• _Instructions for the task_
Copy exactly the lines from the one containing "2025 Mitsubishi Outlander" through the last line of the records below, including both, and leave out any pictures.

• _Input_
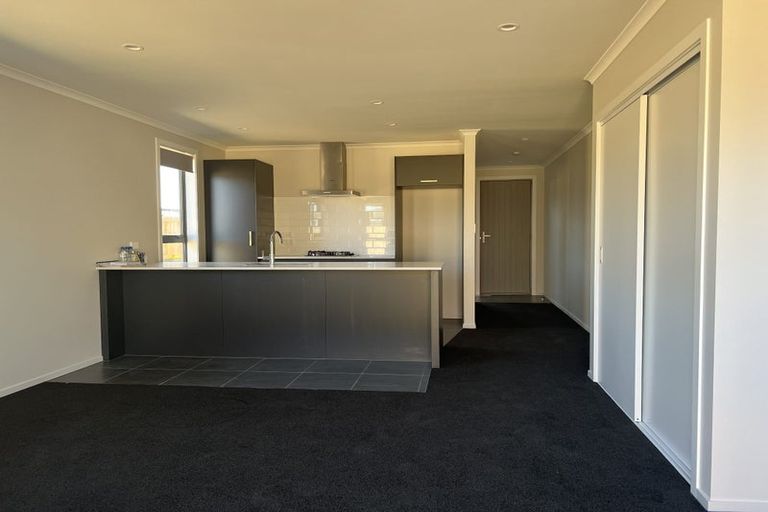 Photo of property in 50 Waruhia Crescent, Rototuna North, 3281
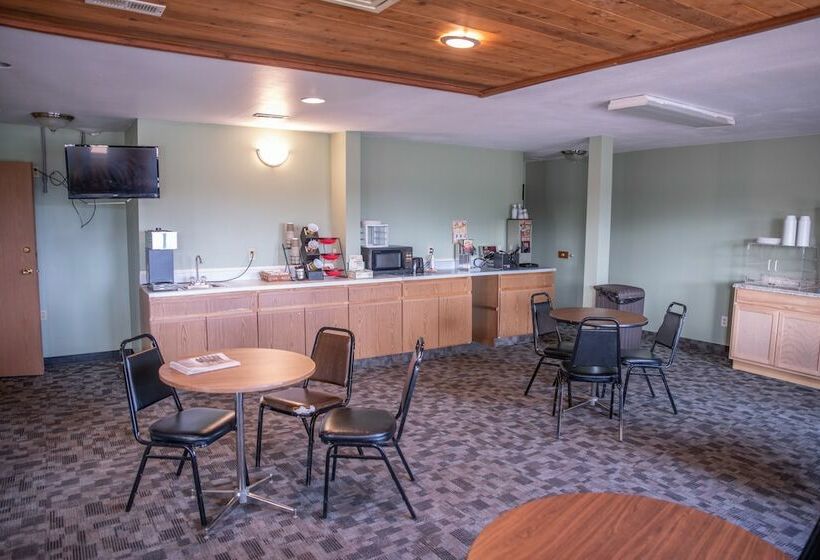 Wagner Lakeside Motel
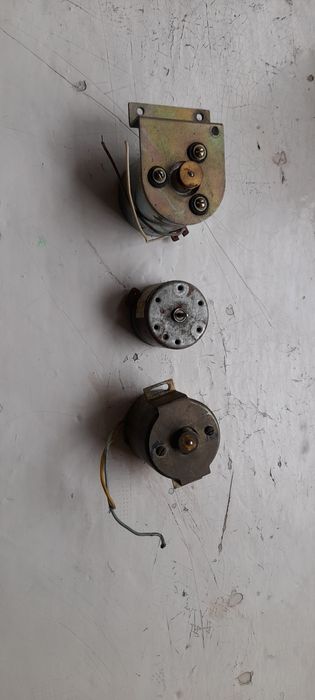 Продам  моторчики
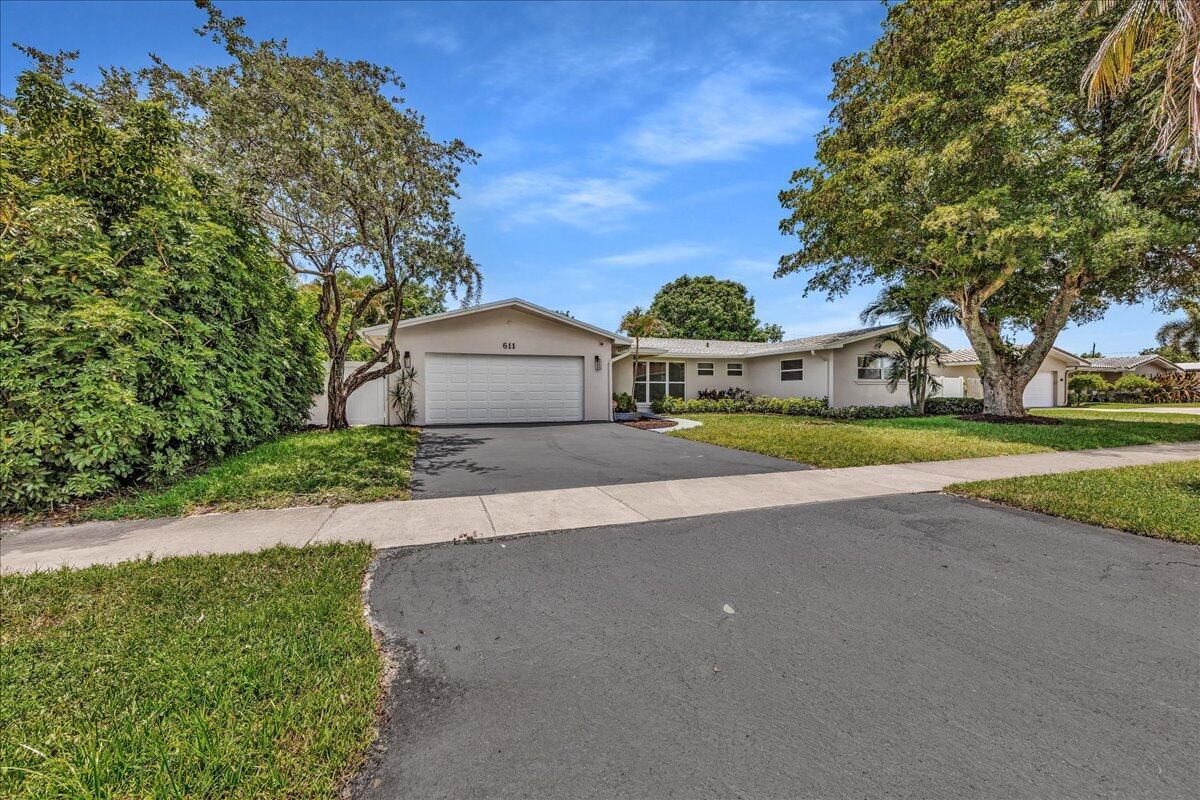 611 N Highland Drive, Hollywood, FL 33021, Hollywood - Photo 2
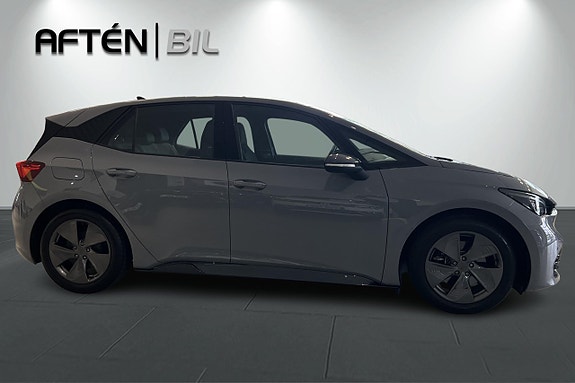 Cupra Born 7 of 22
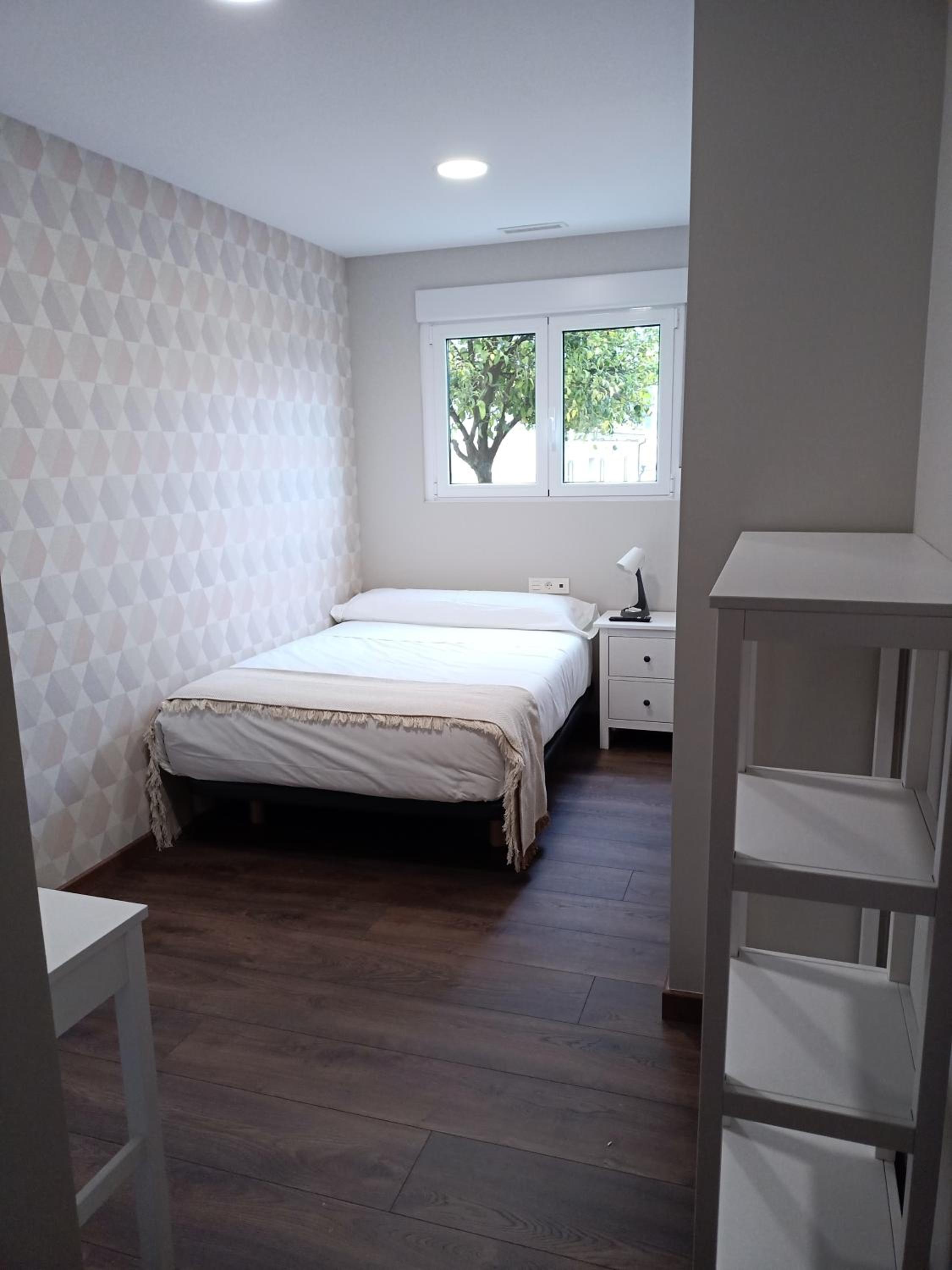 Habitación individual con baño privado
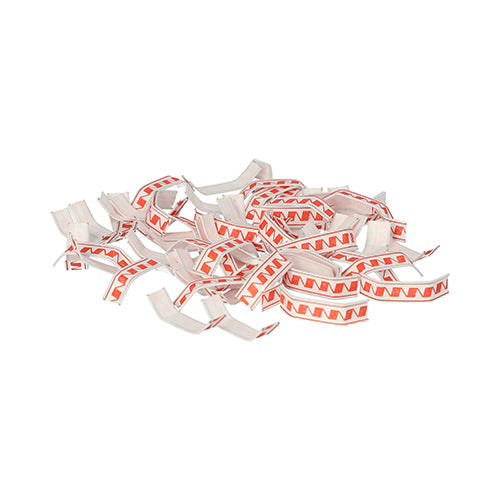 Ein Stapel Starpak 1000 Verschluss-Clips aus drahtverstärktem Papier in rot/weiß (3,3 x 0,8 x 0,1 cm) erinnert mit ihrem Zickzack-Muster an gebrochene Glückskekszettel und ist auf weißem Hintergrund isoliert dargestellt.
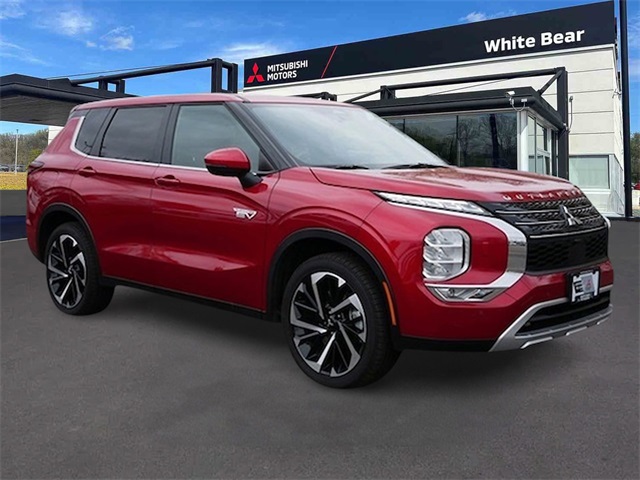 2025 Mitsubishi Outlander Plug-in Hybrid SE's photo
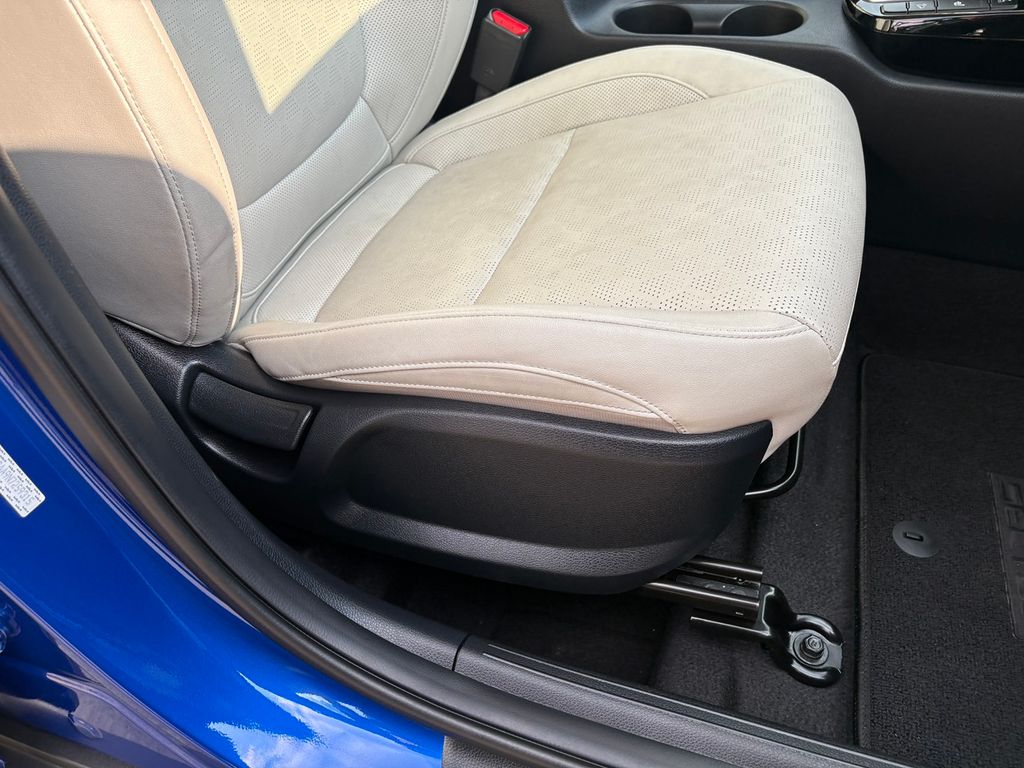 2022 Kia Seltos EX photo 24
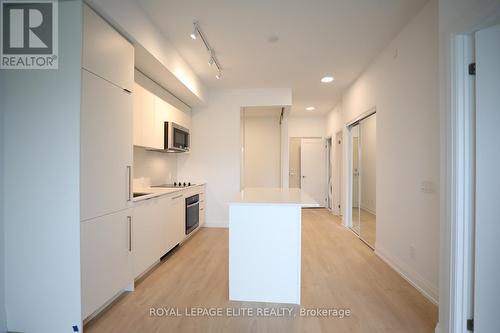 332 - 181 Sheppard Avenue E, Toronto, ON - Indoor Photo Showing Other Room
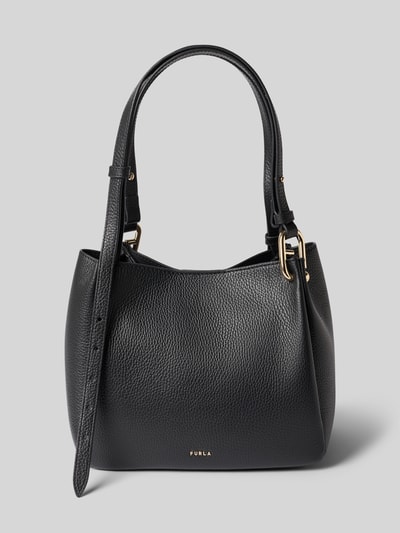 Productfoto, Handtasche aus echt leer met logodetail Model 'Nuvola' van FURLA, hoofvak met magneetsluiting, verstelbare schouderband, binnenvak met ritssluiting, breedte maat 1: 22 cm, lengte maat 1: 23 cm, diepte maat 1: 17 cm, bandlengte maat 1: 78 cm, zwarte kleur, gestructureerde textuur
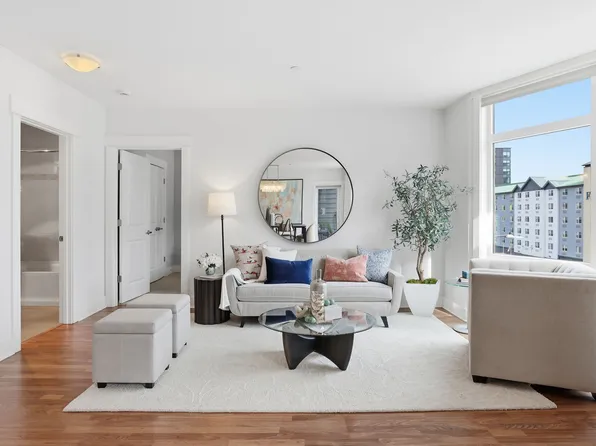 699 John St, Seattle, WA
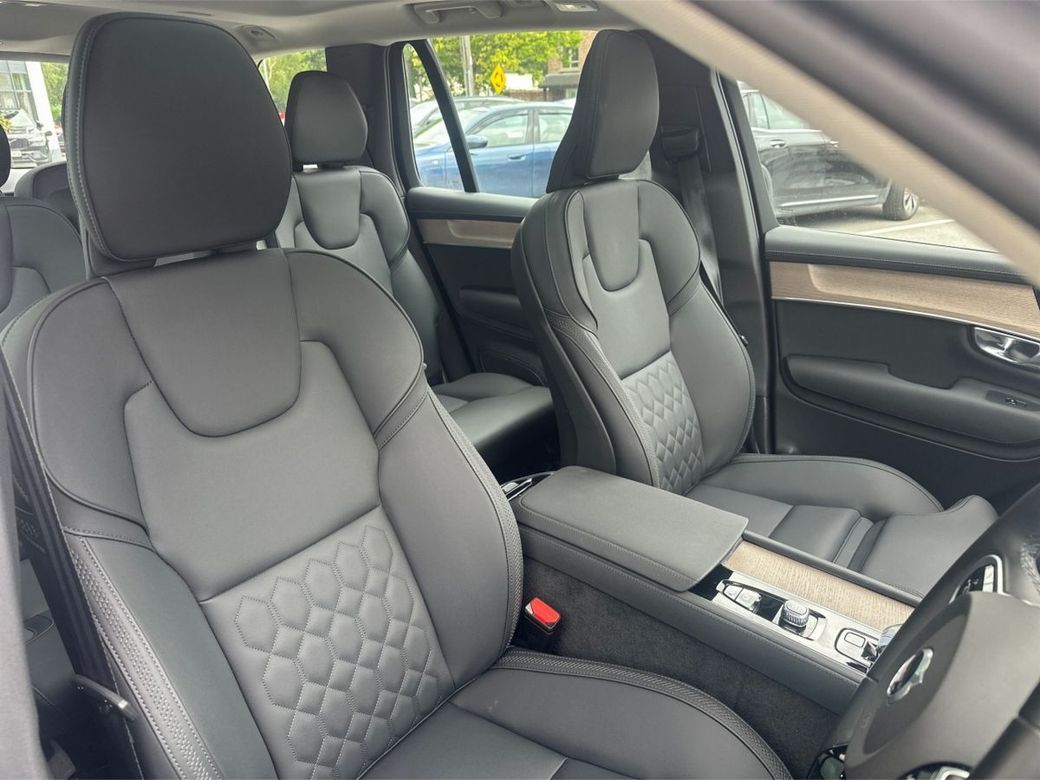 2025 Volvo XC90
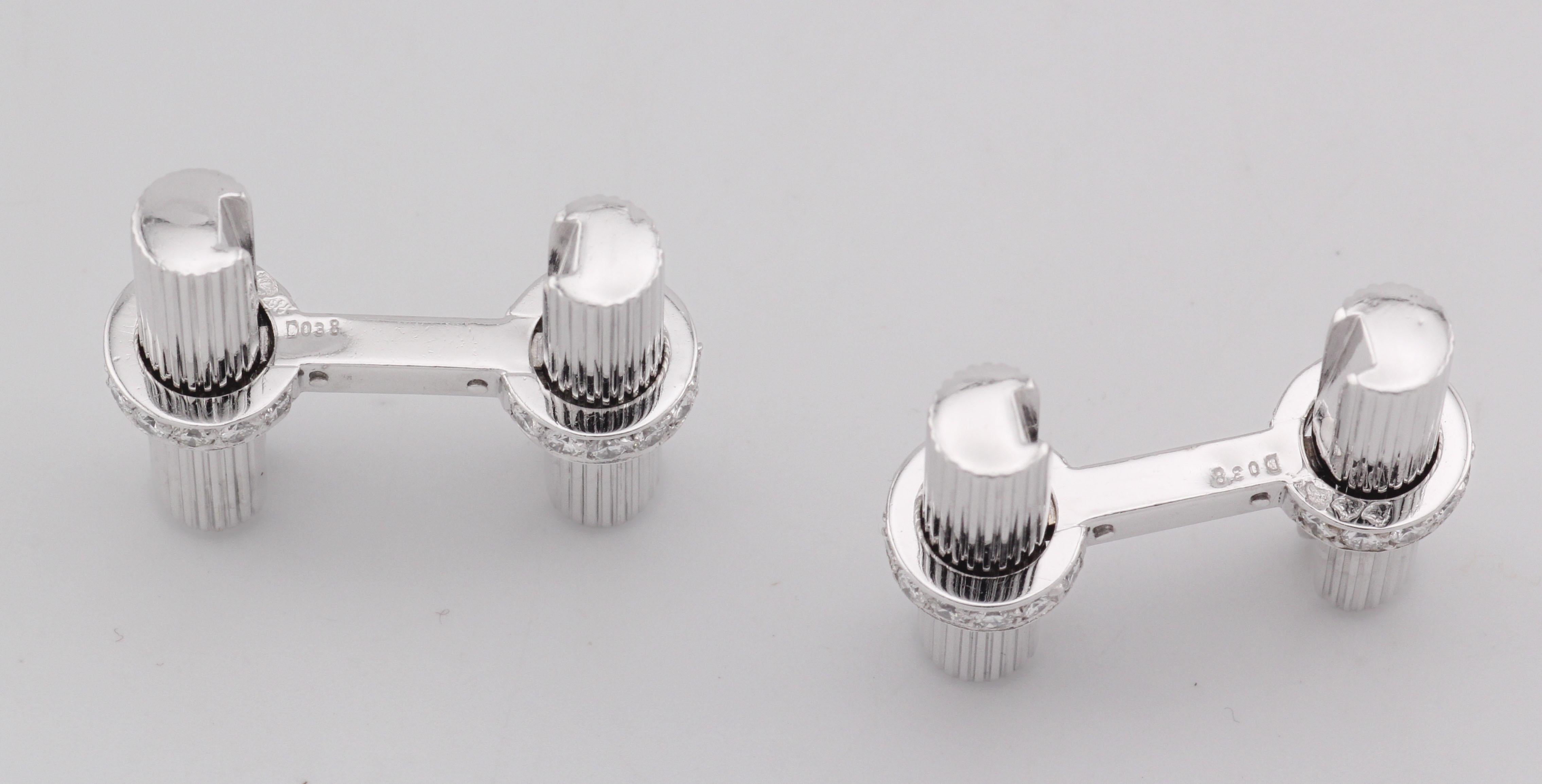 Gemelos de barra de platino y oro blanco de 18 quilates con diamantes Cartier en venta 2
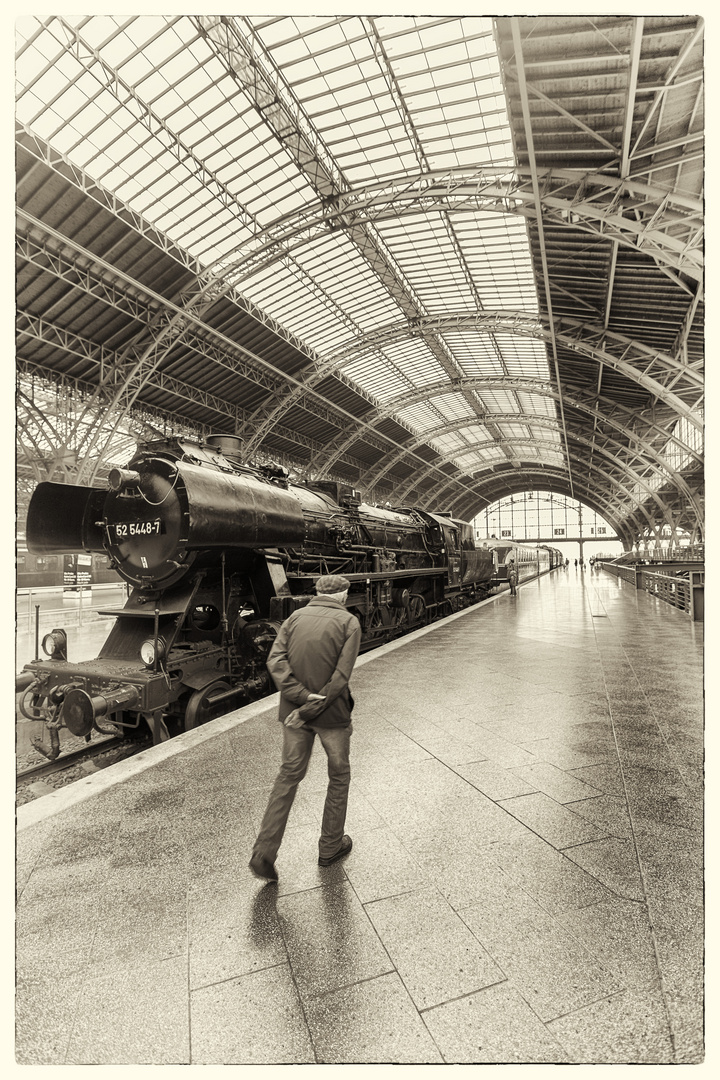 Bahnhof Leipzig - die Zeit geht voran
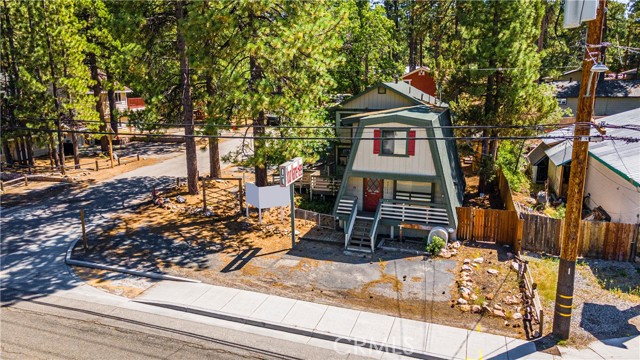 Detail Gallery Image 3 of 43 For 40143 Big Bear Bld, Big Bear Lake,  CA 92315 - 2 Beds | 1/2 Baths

• _Completed exercise_
 2025 Mitsubishi Outlander Plug-in Hybrid SE's photo
 2022 Kia Seltos EX photo 24
 332 - 181 Sheppard Avenue E, Toronto, ON - Indoor Photo Showing Other Room
 Productfoto, Handtasche aus echt leer met logodetail Model 'Nuvola' van FURLA, hoofvak met magneetsluiting, verstelbare schouderband, binnenvak met ritssluiting, breedte maat 1: 22 cm, lengte maat 1: 23 cm, diepte maat 1: 17 cm, bandlengte maat 1: 78 cm, zwarte kleur, gestructureerde textuur
 699 John St, Seattle, WA
 2025 Volvo XC90
 Gemelos de barra de platino y oro blanco de 18 quilates con diamantes Cartier en venta 2
 Bahnhof Leipzig - die Zeit geht voran
 Detail Gallery Image 3 of 43 For 40143 Big Bear Bld, Big Bear Lake,  CA 92315 - 2 Beds | 1/2 Baths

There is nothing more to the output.